* _INSTRUCTIONS FOR THE TASK_
Once you find the line below that has "Natural Red Coral", output it and every line after it exactly, stopping after the line that has "Essence Scandinavian Stone", with no pictures.

* _GIVEN ENTRIES_

::::::::::

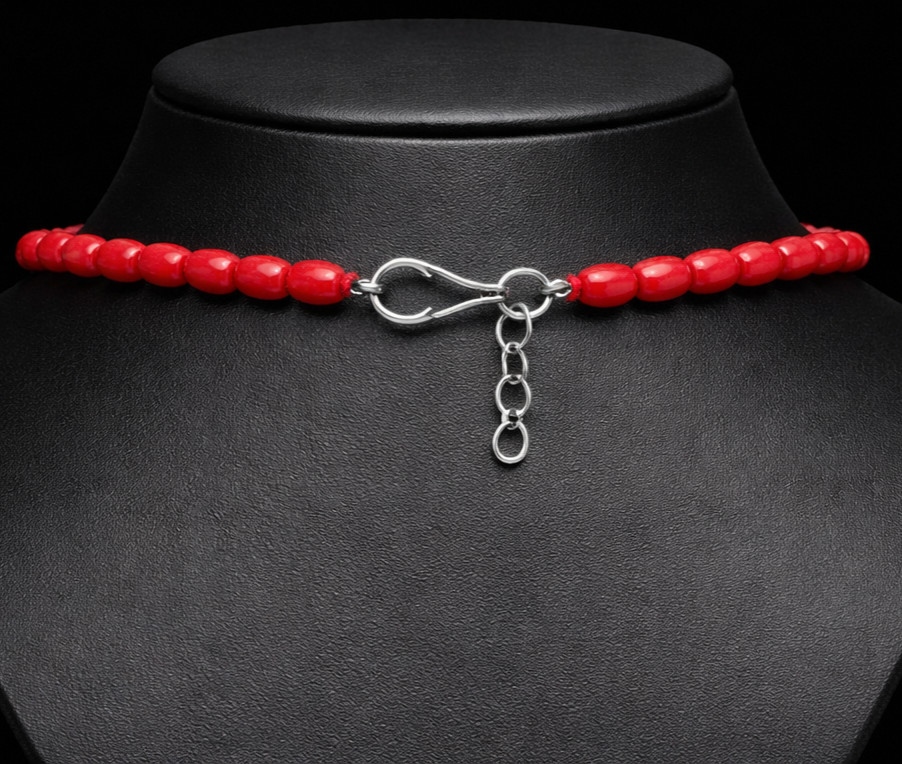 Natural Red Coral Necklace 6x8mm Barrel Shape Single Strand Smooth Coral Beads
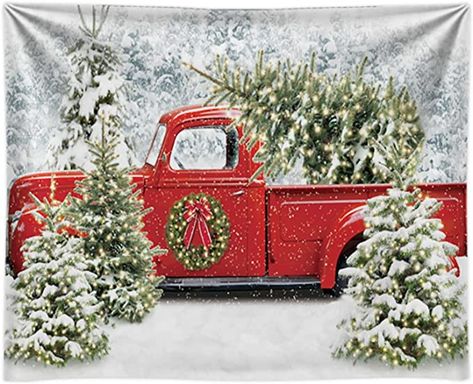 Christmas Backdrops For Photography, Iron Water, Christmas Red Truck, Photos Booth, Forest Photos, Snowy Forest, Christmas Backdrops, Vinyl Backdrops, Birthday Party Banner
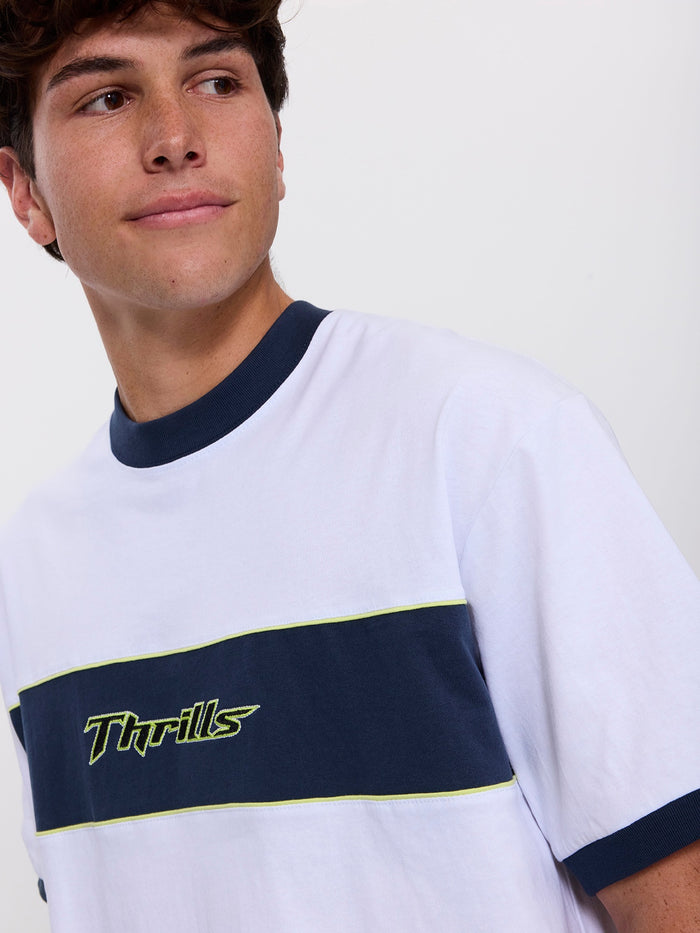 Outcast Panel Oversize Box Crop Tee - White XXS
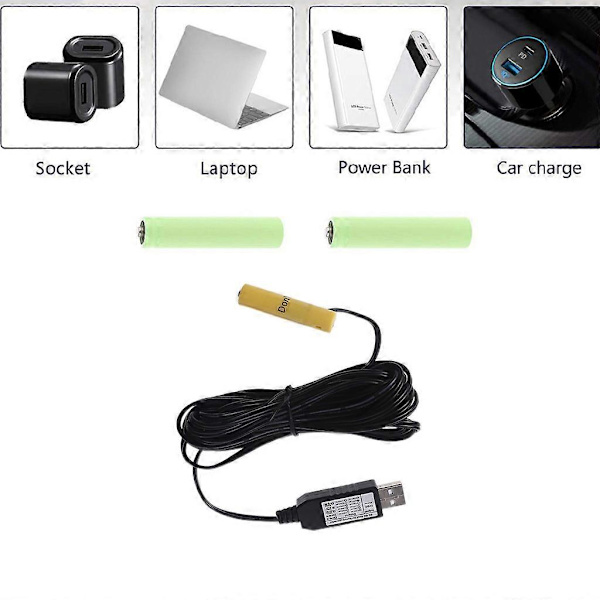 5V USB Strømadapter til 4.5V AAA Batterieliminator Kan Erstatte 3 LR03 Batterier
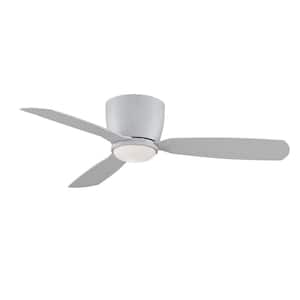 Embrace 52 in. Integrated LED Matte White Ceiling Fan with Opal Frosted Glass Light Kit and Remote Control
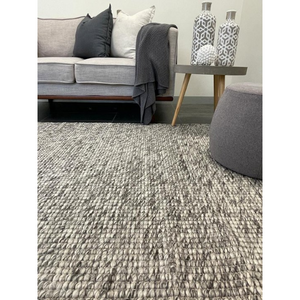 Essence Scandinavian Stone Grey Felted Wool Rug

::::::::::

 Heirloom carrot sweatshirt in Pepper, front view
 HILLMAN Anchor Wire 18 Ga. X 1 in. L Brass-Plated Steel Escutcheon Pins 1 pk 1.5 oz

::::::::::

* _TASK ANSWER_
 Natural Red Coral Necklace 6x8mm Barrel Shape Single Strand Smooth Coral Beads
 Christmas Backdrops For Photography, Iron Water, Christmas Red Truck, Photos Booth, Forest Photos, Snowy Forest, Christmas Backdrops, Vinyl Backdrops, Birthday Party Banner
 Outcast Panel Oversize Box Crop Tee - White XXS
 5V USB Strømadapter til 4.5V AAA Batterieliminator Kan Erstatte 3 LR03 Batterier
 Embrace 52 in. Integrated LED Matte White Ceiling Fan with Opal Frosted Glass Light Kit and Remote Control
 Essence Scandinavian Stone Grey Felted Wool Rug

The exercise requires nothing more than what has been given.